Collected data
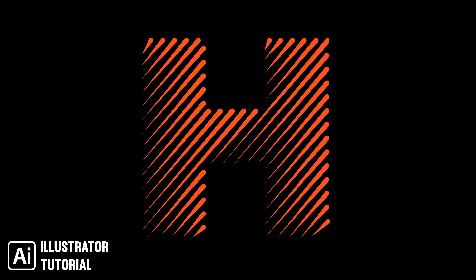In this tutorial I will show you how to create a simple line style logo using Adobe Illustrator. So let's start the video.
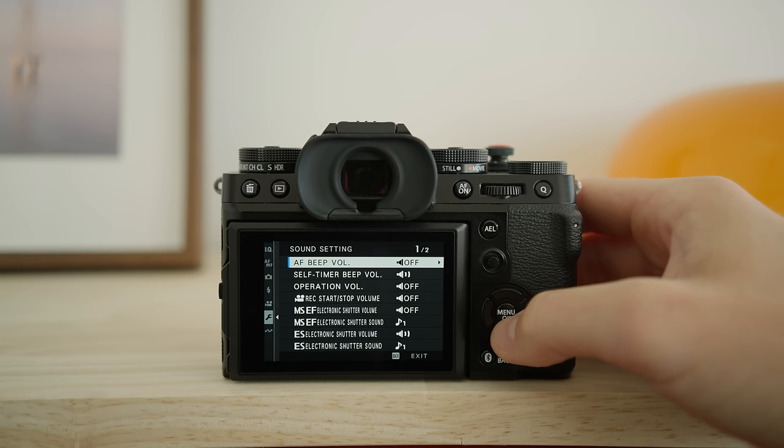One last thing: I have the autofocus beep turned off. I just like to draw as little attention to myself as possible, so turning that beep off helps me stay a little more inconspicuous. If I missed anything or if you have questions about other settings, leave them in the comments below and I'll try to help out. I hope you enjoyed this video — if you did, please leave a like and consider subscribing. Thanks for sticking around and I'll see you in the next video.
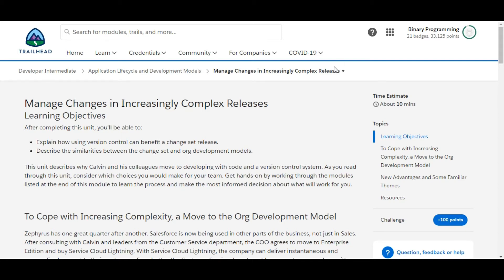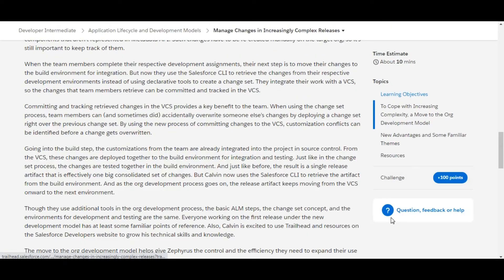Hello all, welcome to Binary Programming. In this video, we will solve the third challenge of Application Lifecycle and Development Models module of Developer Intermediate. The name of the challenge is Manage Changes in Increasingly Complex Releases. Let's move to the challenge.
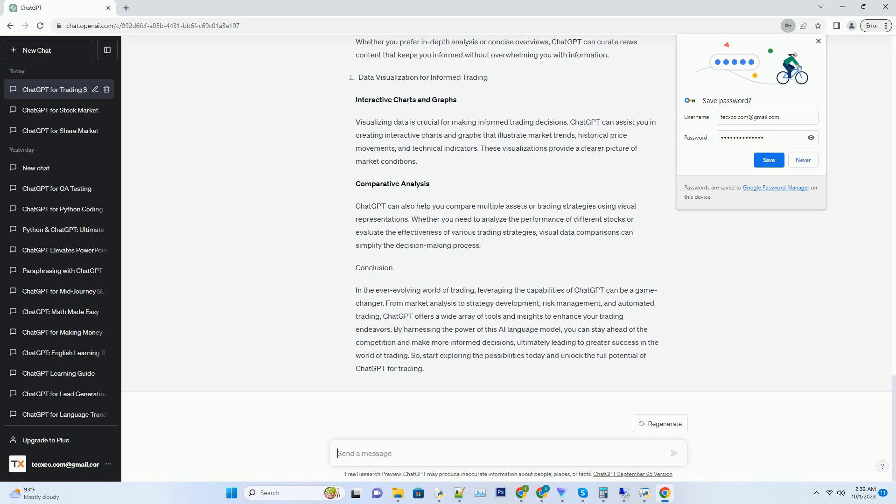Hashtag: Continuous Monitoring and Alerts. Once your trading bot is up and running, ChatGPT can help you set up continuous monitoring.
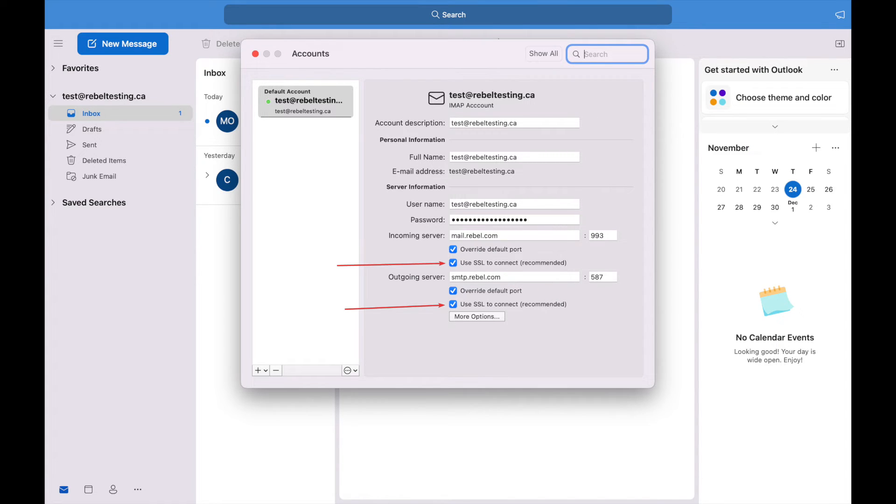Make sure Use SSL to connect is checked blue for both incoming and outgoing servers.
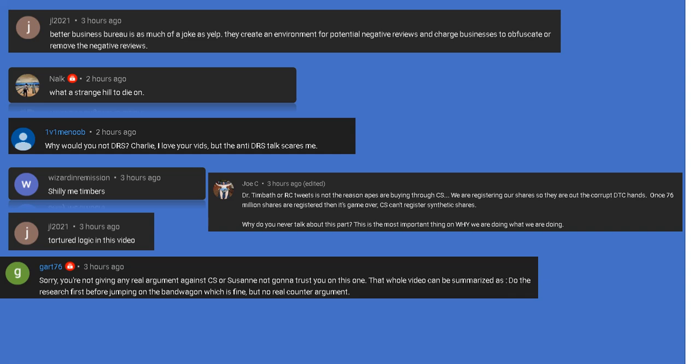Wizard in remission: Shilly me timbers. I think you need to look up the word shill. I'm trying to help you but you're in denial and basically acting like a little child. JL 2021 again: Tortured logic in this video. Yeah, just like your first comment buddy, and no example provided, good job.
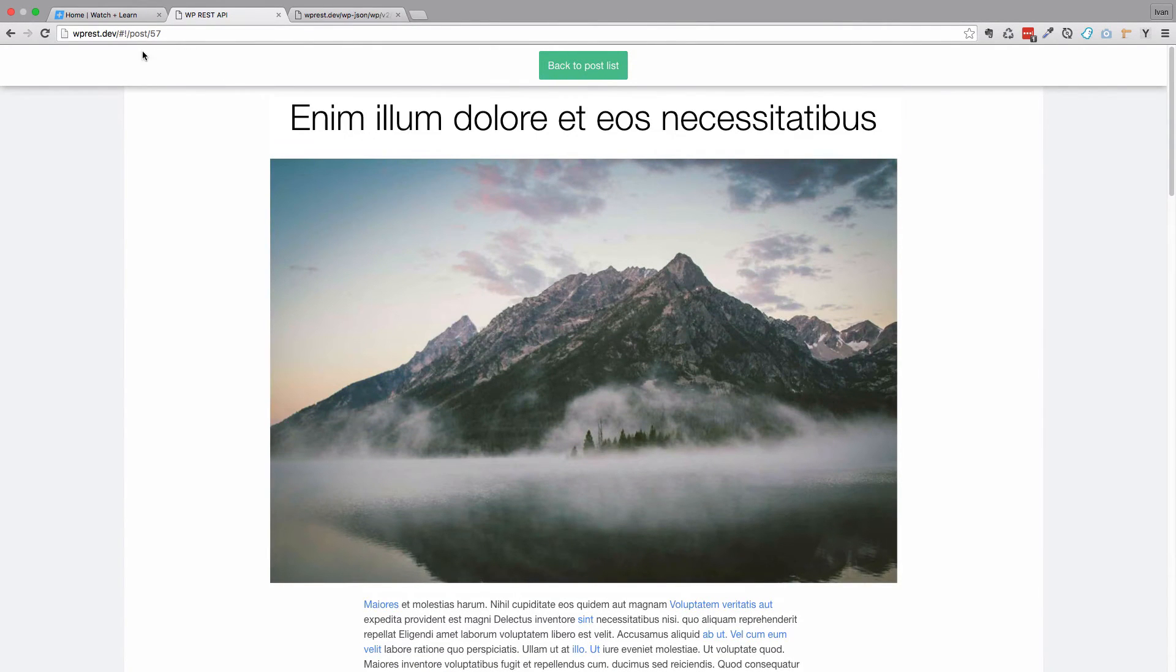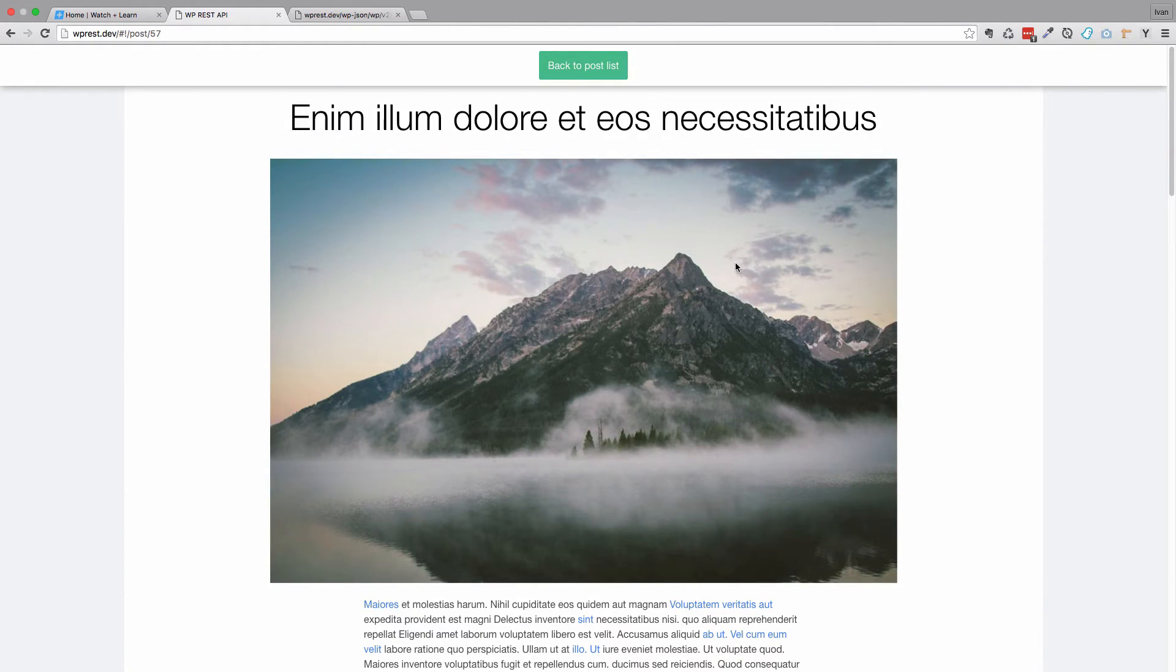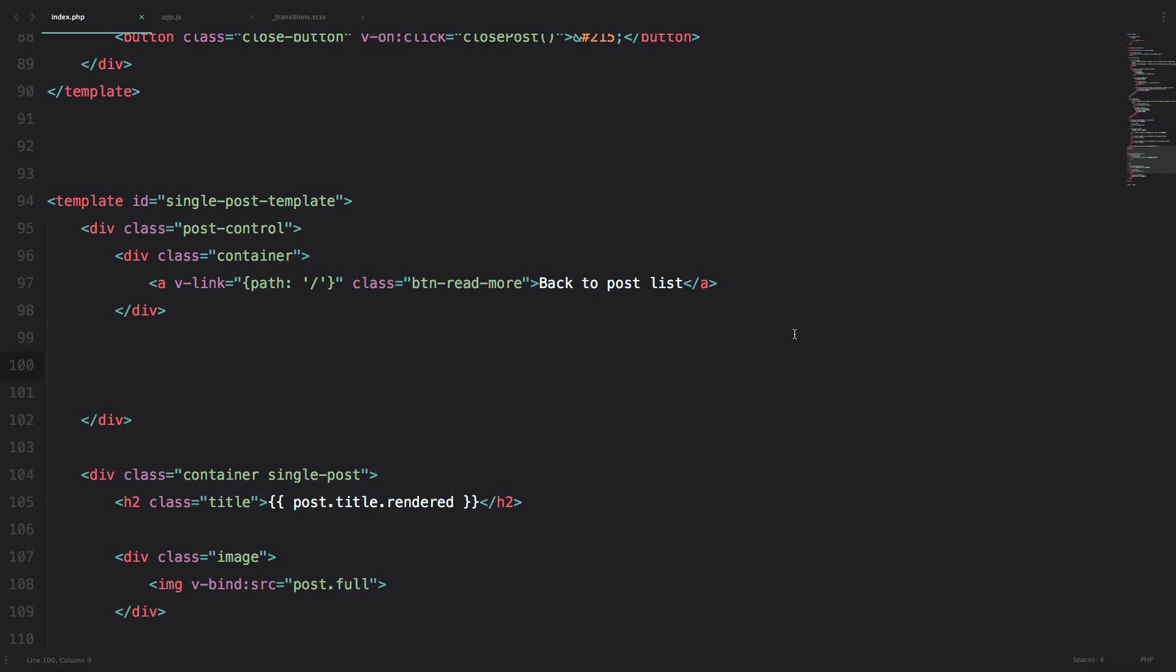Ok, now we are going to be creating previous and next post links. So to create previous and next post links, we are going to be doing pretty much the same thing that we did for previous and next posts for our previews.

## Prompt:
The answer must be an exact copy of the lines from the one that holds "Hello all, welcome" through the end of the data, both included, with no pictures.

## Response to this exercise:
Hello all, welcome to Binary Programming. In this video, we will solve the third challenge of Application Lifecycle and Development Models module of Developer Intermediate. The name of the challenge is Manage Changes in Increasingly Complex Releases. Let's move to the challenge.
Hashtag: Continuous Monitoring and Alerts. Once your trading bot is up and running, ChatGPT can help you set up continuous monitoring.
Make sure Use SSL to connect is checked blue for both incoming and outgoing servers.
Wizard in remission: Shilly me timbers. I think you need to look up the word shill. I'm trying to help you but you're in denial and basically acting like a little child. JL 2021 again: Tortured logic in this video. Yeah, just like your first comment buddy, and no example provided, good job.
Ok, now we are going to be creating previous and next post links. So to create previous and next post links, we are going to be doing pretty much the same thing that we did for previous and next posts for our previews.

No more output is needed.